An exact restatement of the data is required, with the images omitted.
------ DATA EXTRACT
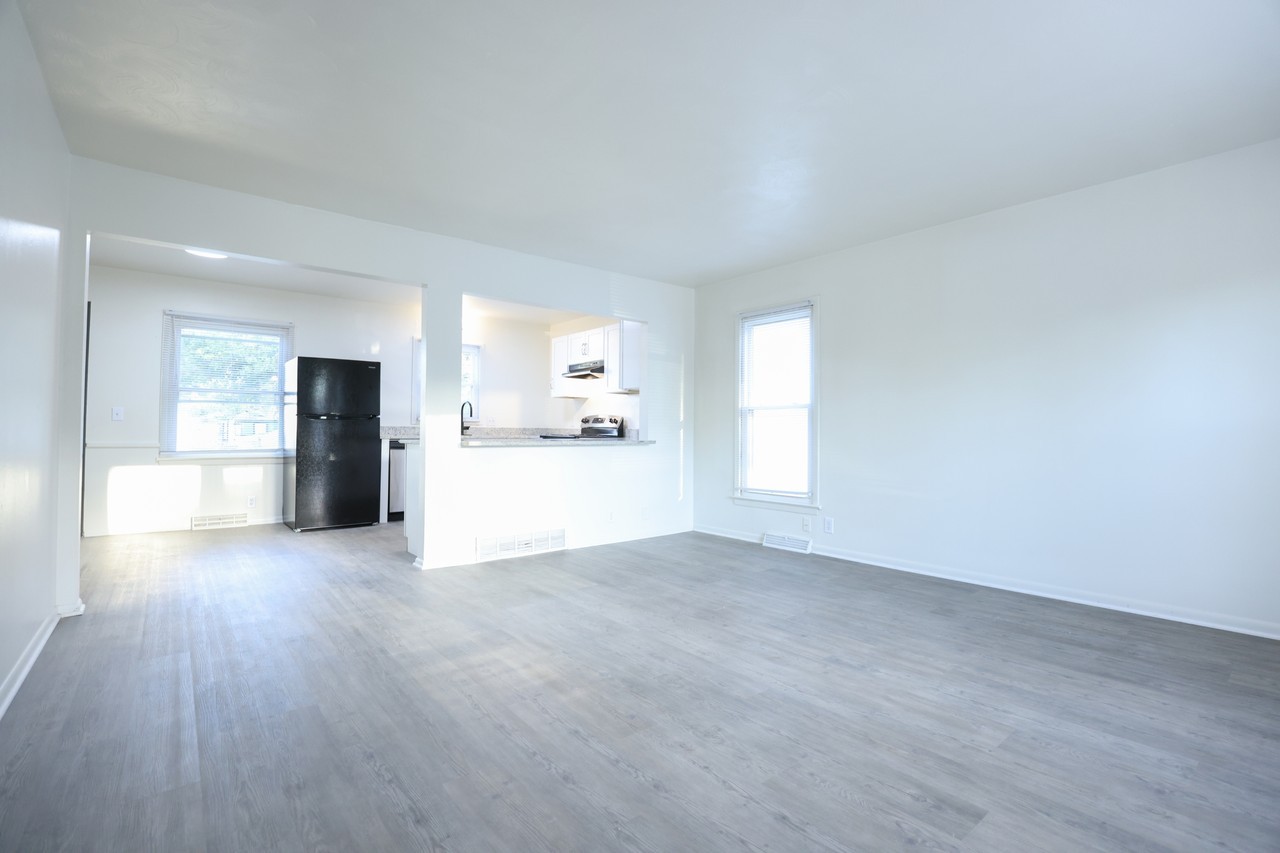 5203 N 60th St - Photo 2 of 22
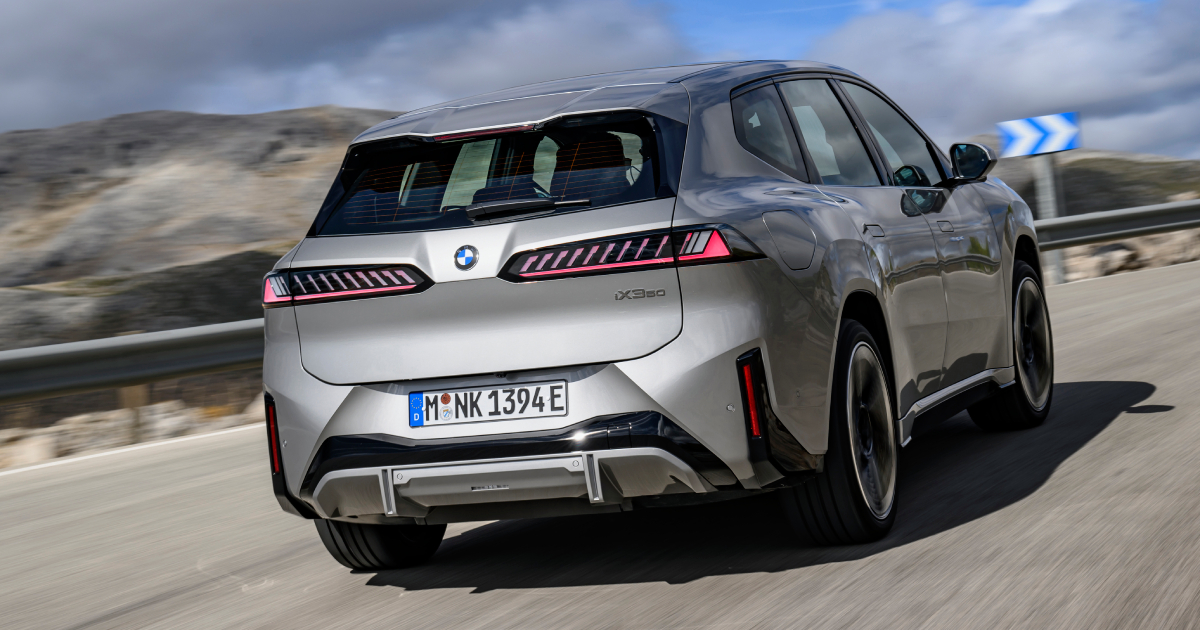 Nuevo BMW iX3 en la carretera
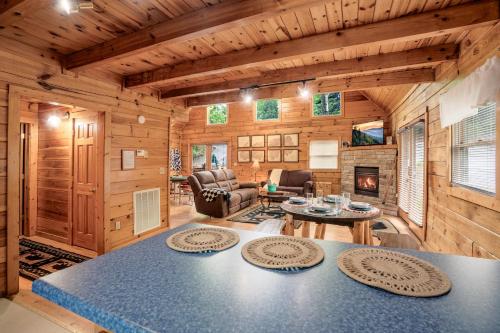 23 The Cub House Cabin in Gatlinburg, USA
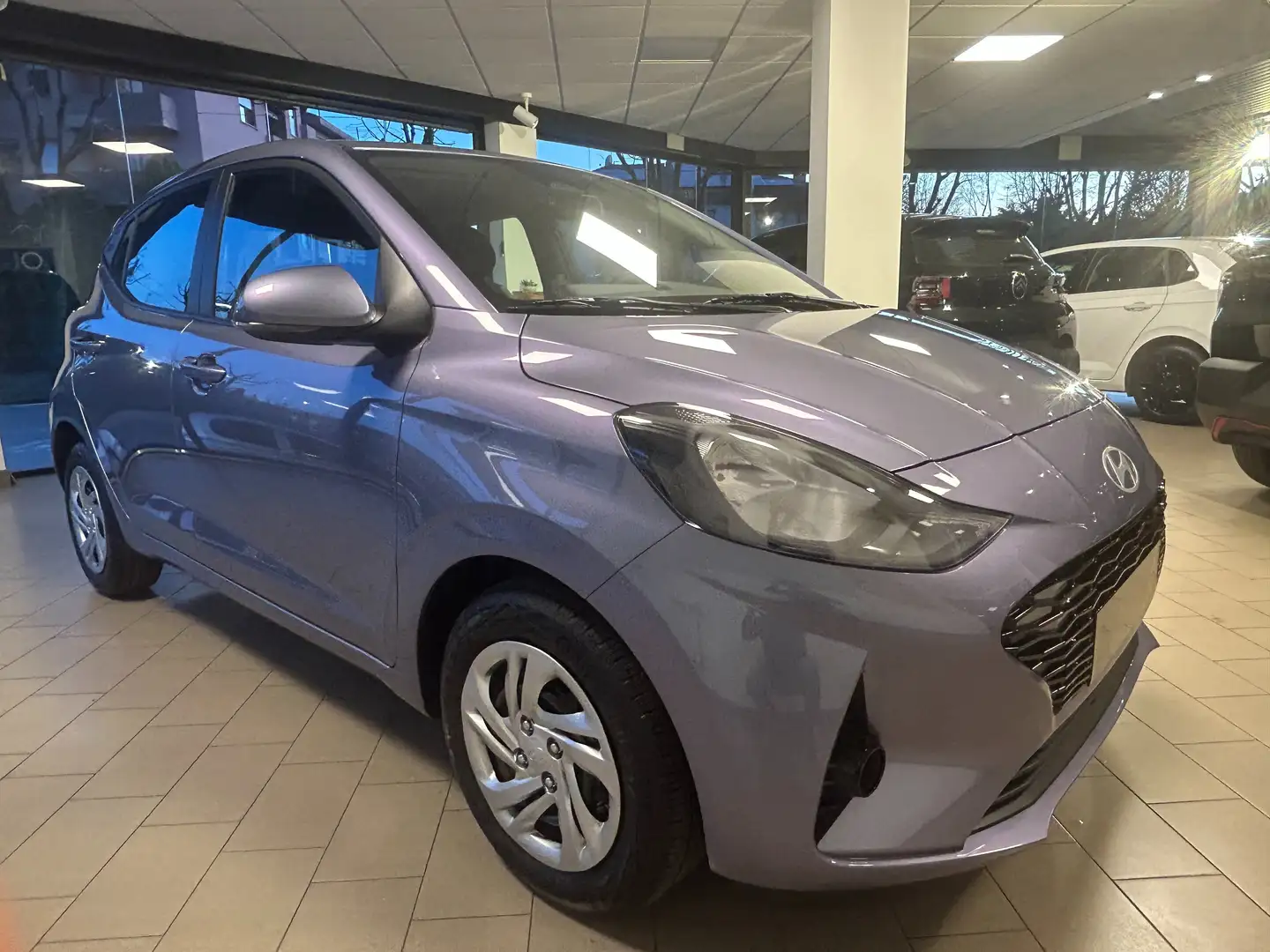 Hyundai i10 1.0 CONNECTLINE Navigatore + Telecamera + Carplay Gris - 2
------------
YOUR RESPONSE
 5203 N 60th St - Photo 2 of 22
 Nuevo BMW iX3 en la carretera
 23 The Cub House Cabin in Gatlinburg, USA
 Hyundai i10 1.0 CONNECTLINE Navigatore + Telecamera + Carplay Gris - 2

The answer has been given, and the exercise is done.